A large family, homeschooling, adoption, special needs, whatever strikes my fancy, sort of blog.

A large family, homeschooling, adoption, special needs, whatever strikes my fancy, sort of blog.

Monday, February 20, 2012

Larcenous tendencies

Brianna recently came to me with a shiny purple Matchbox-style car. She told me Hannah brought it home from school. This occurred shortly after I decided to thin out her PJ drawer and found: a taco bell sauce packet, one of Eli's Matchbox cars, and a used piece of math scratch paper squirrelled away in there. Something about it didn't sit right with me, so I emailed her teacher.

"Hey, Hannah brought home a shiny purple car, and I wanted to check and see if it was a prize of some sort or if it belongs at the school."

The reply I received confirmed my funny feeling.

"The car belongs here. I am not sure who it belongs to so I had put it in the basket next to the door. She asked about it several times and asked who it belonged to. I told her I didn’t know and it needed to stay in the basket until I found out. She probably took it on her way out the door."

Sigh. I knew I had to deal with this. And I knew I had to walk the fine line between letting her know this was NOT okay, and freaking her out to make her hide stuff.
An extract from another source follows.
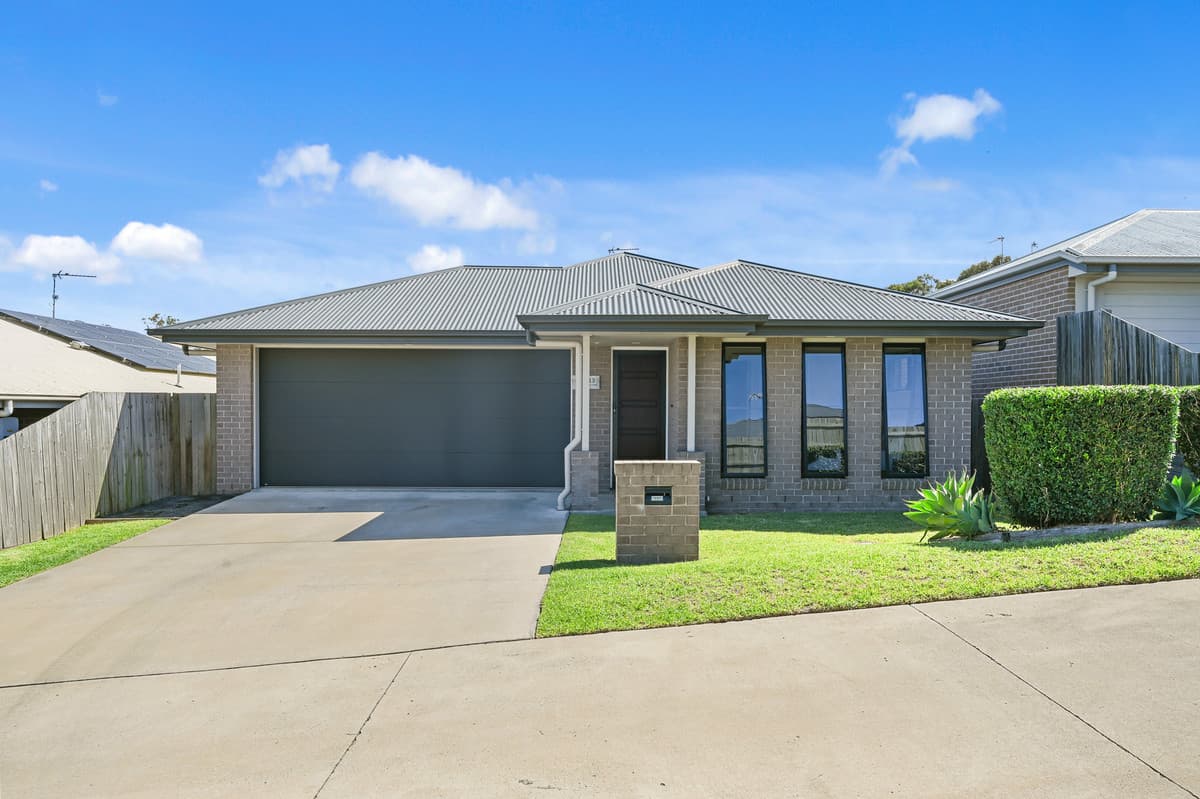 13 Diva Lane, Glenvale, Glenvale — photo 1 of 5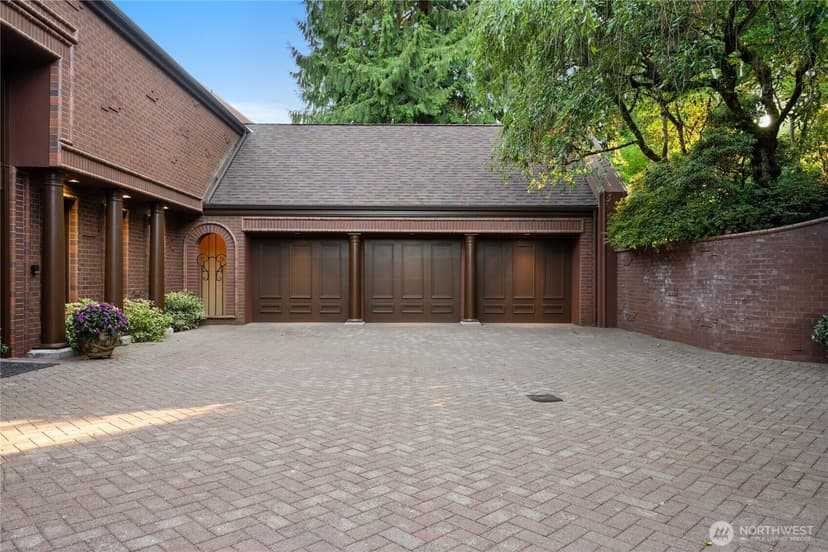 Property photo for 10939 84th Place NE, Kirkland photo 36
I talked to her. Which is tough because 1) she's 4, and 2) she's only been speaking English a little over a year. We established that she did take the car after Miss P told her it was not hers. I asked her what needed to happen, and she said in a tiny voice that it needed to go back to school. Okay. I told her, "Here's what we're going to do. You're going to write a note," here she started to tear up "and we're going to give the note and the car back to Miss P." She was crying. After more discussion, it was determined that she was crying because...
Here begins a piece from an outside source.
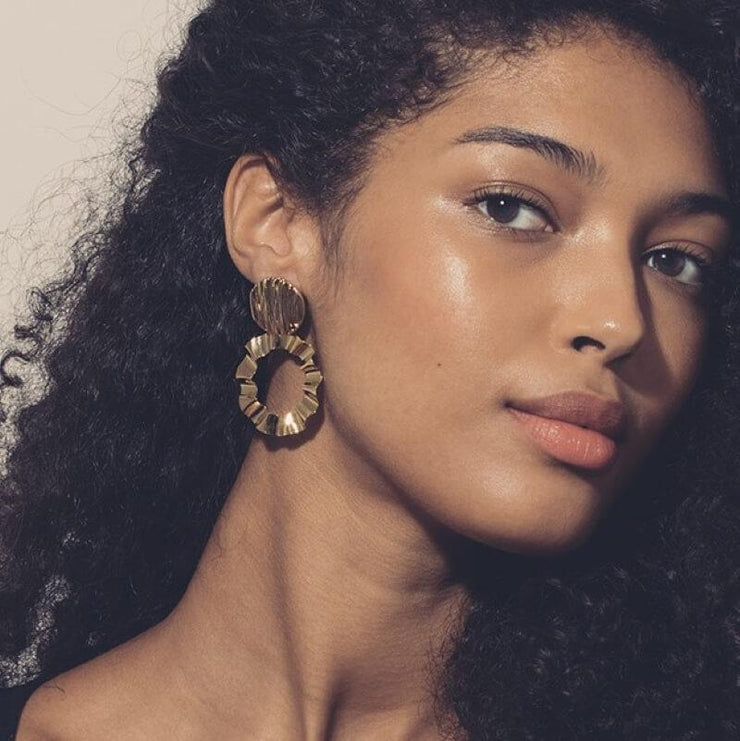 chic-alors-earrings-gala-scene
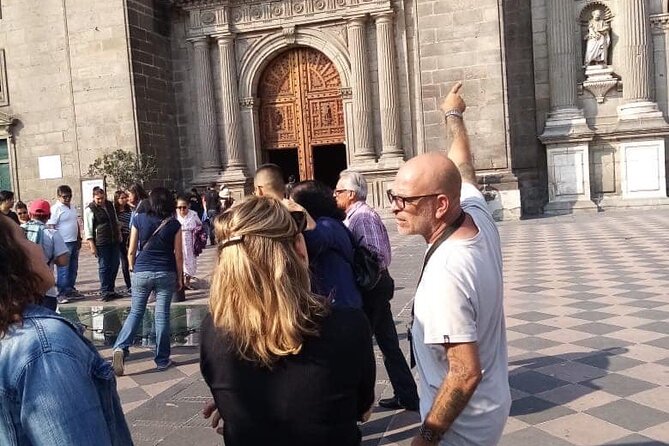 The best and most complete PRIVATE CITY TOUR through the Historic Center - Starting beneath the Monument to the Revolution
...she had no idea what writing a note meant. Sigh. It's funny, because everyone always says what excellent English she speaks. And she DOES, really. But there are *gaps* both in her language and in her experiences, that I don't even think about until I'm confronted with something that pierces me like an arrow to the heart.
So I explained what writing a note meant. Then I fired up the Start Write software and composed a note for her to trace. (Start Write prints in dotted letters. Very cool for primary aged kids.)
And I was a little more conscious than usual about explaining what I was doing, and showing her the printer and identifying what it was doing. Because I forget that (unlike the other kids) she didn't grow up pushing the power button on my CPU and then crawling away giggling.
She traced so carefully. She really did a beautiful job of it.
I stapled the baggie containing the car to the note and stuck it into her backpack. And ached on the inside for a little girl whose concept of ownership was formed not in a family, but in an orphange.